*Data to examine*.
——

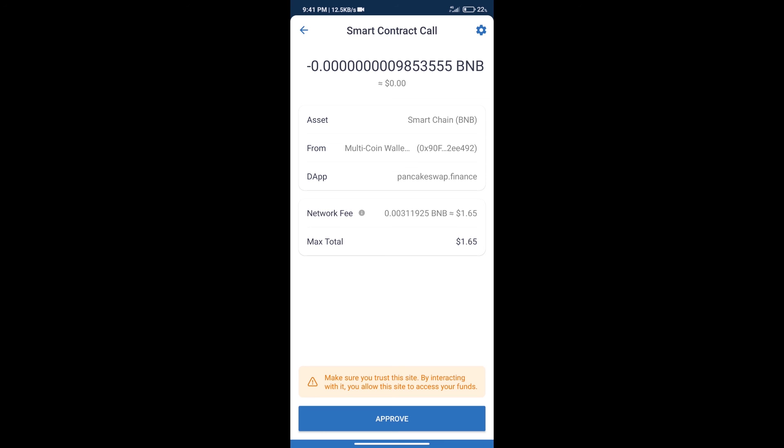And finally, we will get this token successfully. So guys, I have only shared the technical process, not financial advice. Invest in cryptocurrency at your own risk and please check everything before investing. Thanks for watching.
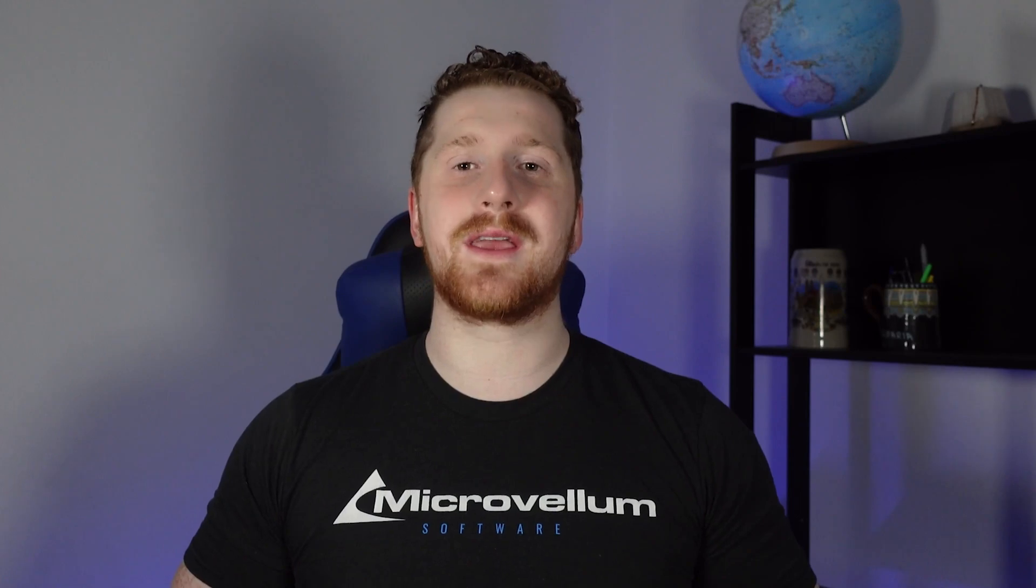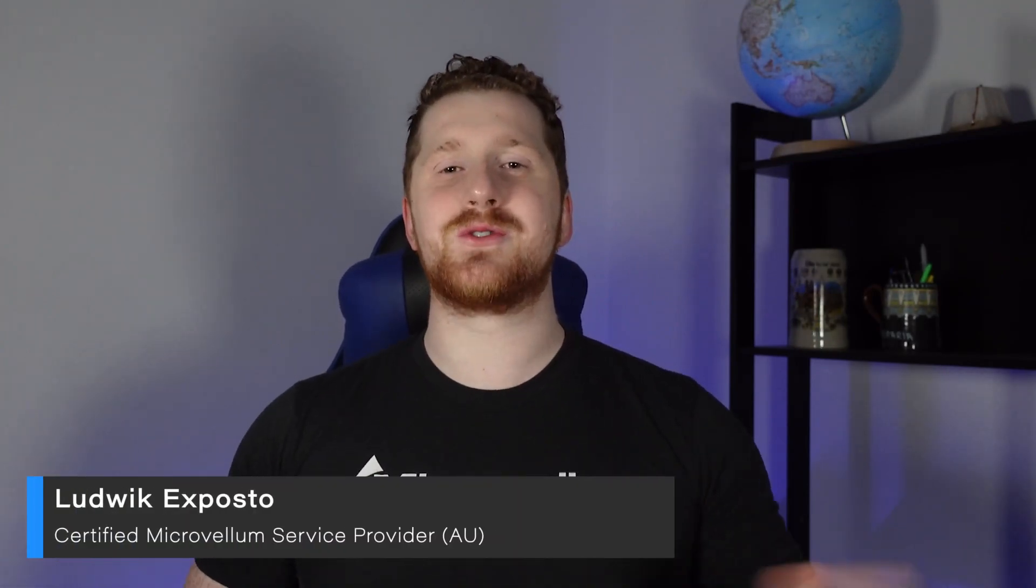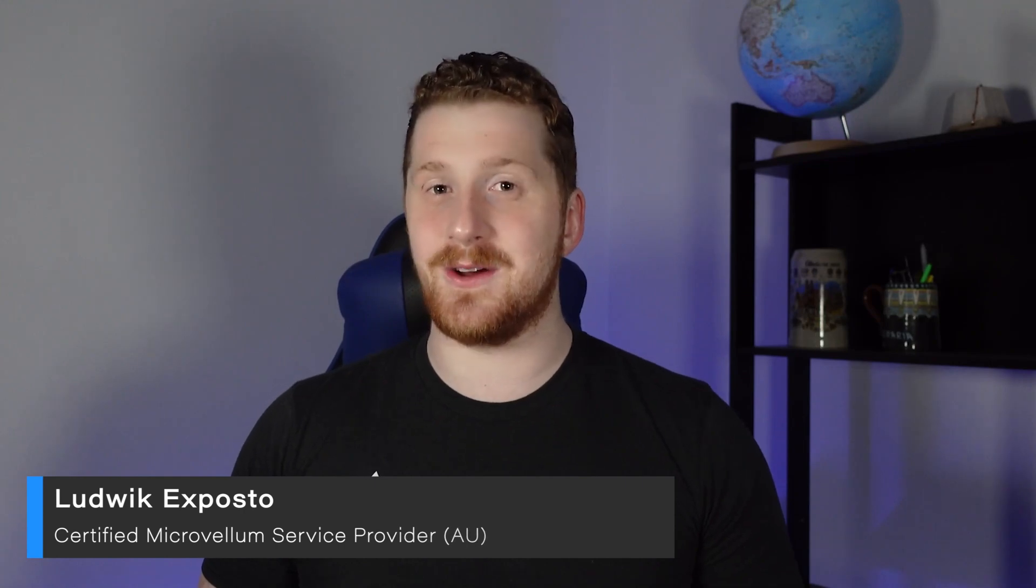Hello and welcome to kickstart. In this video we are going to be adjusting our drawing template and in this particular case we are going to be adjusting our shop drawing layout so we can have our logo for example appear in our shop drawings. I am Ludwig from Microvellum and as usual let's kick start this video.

——

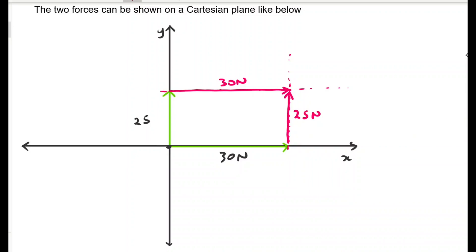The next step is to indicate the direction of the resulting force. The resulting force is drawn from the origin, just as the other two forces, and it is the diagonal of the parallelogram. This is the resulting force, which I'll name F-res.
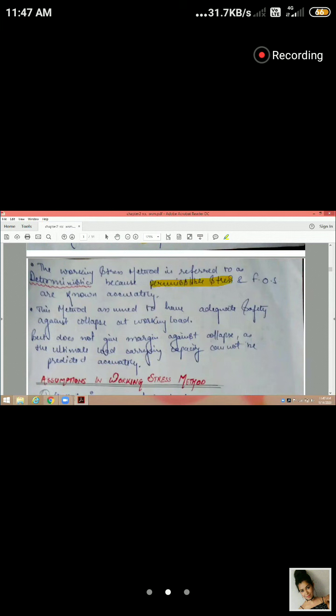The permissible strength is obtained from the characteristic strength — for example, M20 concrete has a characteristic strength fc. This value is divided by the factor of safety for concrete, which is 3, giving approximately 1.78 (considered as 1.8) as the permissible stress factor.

——

*What is needed*. Output only the stretch above from the line with "And finally, we" through the line with "Hello and welcome", reproduced exactly. Exclude pictures.

*Output below*.
And finally, we will get this token successfully. So guys, I have only shared the technical process, not financial advice. Invest in cryptocurrency at your own risk and please check everything before investing. Thanks for watching.
Hello and welcome to kickstart. In this video we are going to be adjusting our drawing template and in this particular case we are going to be adjusting our shop drawing layout so we can have our logo for example appear in our shop drawings. I am Ludwig from Microvellum and as usual let's kick start this video.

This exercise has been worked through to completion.